- cross-posted to:
- [email protected]
- cross-posted to:
- [email protected]
Mozilla has a close relationship with Google, as most of Firefox’s revenue comes from the agreement keeping Google as the browser’s default search engine. However, the search giant is now officially a monopoly, and a future court decision could have an unprecedented impact on Mozilla’s ability to keep things “business as usual.”
United States District Judge Amit Mehta found Google guilty of building a monopolistic position in web search. The Mountain View corporation spent billions of dollars becoming the leading search provider for computing platforms and web browsers on PC and mobile devices.
Most of the $21 billion spent went to Apple in exchange for setting Google as the default search engine on iPhone, iPad, and Mac systems. The judge will now need to decide on a penalty for the company’s actions, including the potential of forcing Google to stop payments to its search “partners completely,” which could have dire consequences for smaller companies like Mozilla.
Its most recent financials show Mozilla gets $510 million out of its $593 million in total revenue from its Google partnership. This precarious financial position is a side effect of its deal with Alphabet, which made Google the search engine default for newer Firefox installations.
The open-source web browser has experienced a steady market share decline over the past few years. Meanwhile, Mozilla management was paid millions to develop a new “vision” of a theoretical future with AI chatbots. Mozilla Corporation, the wholly owned subsidiary of Mozilla Foundation managing Firefox development, could find itself in a severe struggle for revenue if Google’s money suddenly dried up.
Paid for by what money?
Open source existed before money. Corporate backers came in because the product was successful, not because they thought it was a sinking ship.
So the proverbial one guy in Nebraska and a few dozen like him can work on Firefox in addition to their day jobs?
so the worldwide open source community can actually take over the project, in the full knowledge that their pull requests will actually be merged.
That can work for small improvements but not for active development at the pace of Chromium and its forks.
I see this a win.
Firefox’s core users don’t really care what google does, Mozilla tries to maintain feature parity with Chrome only to win the non-FF users over.
That is that one guy in Nebraska. Yes.
Every repo has its power members, but you still get great sporadic wildcard contributions from motivated outsiders, and it all adds up.
Not all software needs to be backed by money. Money helps, of course, and I would support a non-profit financially that is focused purely on browser development. Right now, the only game in town doing that is Ladybird. But honestly, I think building upon a firefox fork makes more sense than starting from scratch.

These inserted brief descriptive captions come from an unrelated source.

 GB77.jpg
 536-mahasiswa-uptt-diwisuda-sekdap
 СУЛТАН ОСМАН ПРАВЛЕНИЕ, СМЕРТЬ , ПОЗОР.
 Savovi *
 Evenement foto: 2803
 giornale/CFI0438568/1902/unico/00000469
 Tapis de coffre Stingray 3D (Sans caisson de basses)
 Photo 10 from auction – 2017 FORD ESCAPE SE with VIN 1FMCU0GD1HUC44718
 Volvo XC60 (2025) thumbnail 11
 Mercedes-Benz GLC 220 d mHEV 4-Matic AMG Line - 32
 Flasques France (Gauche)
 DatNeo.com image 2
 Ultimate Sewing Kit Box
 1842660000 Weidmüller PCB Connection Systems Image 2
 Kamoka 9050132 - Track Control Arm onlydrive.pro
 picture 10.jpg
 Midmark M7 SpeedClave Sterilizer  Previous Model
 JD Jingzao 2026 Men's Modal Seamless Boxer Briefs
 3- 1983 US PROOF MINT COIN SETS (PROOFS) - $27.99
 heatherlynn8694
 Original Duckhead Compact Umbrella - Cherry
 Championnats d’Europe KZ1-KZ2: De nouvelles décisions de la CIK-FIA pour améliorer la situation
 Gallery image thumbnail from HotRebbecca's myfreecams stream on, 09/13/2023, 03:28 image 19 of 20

You’re saying Firefox could exist, and keep up with security updates and website compatibility, without being backed by money? (Or based on a couple of donations?) Any convincing evidence that could make us trust that that’s possible too?
Many such pieces of software exist both backed by non-profit foundations, and not. Before the Linux kernel was running the world, it was primarily maintained by volunteers. Also consider the myriad of Linux distributions that don’t have corp overlords. Or pick a *BSD. Or anything you watch video content with: ffmpeg, vlc, mpv. Or even various programming languages such as ECMA Script, Python, Ruby, C, C++, etc. Hell, even Lemmy fits into this category. There literally is a whole slew of software not directly backed by money and still maintained that literally runs the world.
All your examples are at a way smaller scale, or rely on corporate cooperation (and we already have that in Chromium). With the exception of VLC, which is a treasure, but also has way fewer adversaries/things that will break because they don’t care about VLC.
Perhaps it could be state funded? It worked for PBS for a time and it still mostly works for the BBC. Why not a browser? A truly independent steward for the open web is important and it doesn’t seem like Google is capable of that.
I’d absolutely be in favour of that, preferably funding from several states. But I’d prefer getting that in place before losing the main source of income.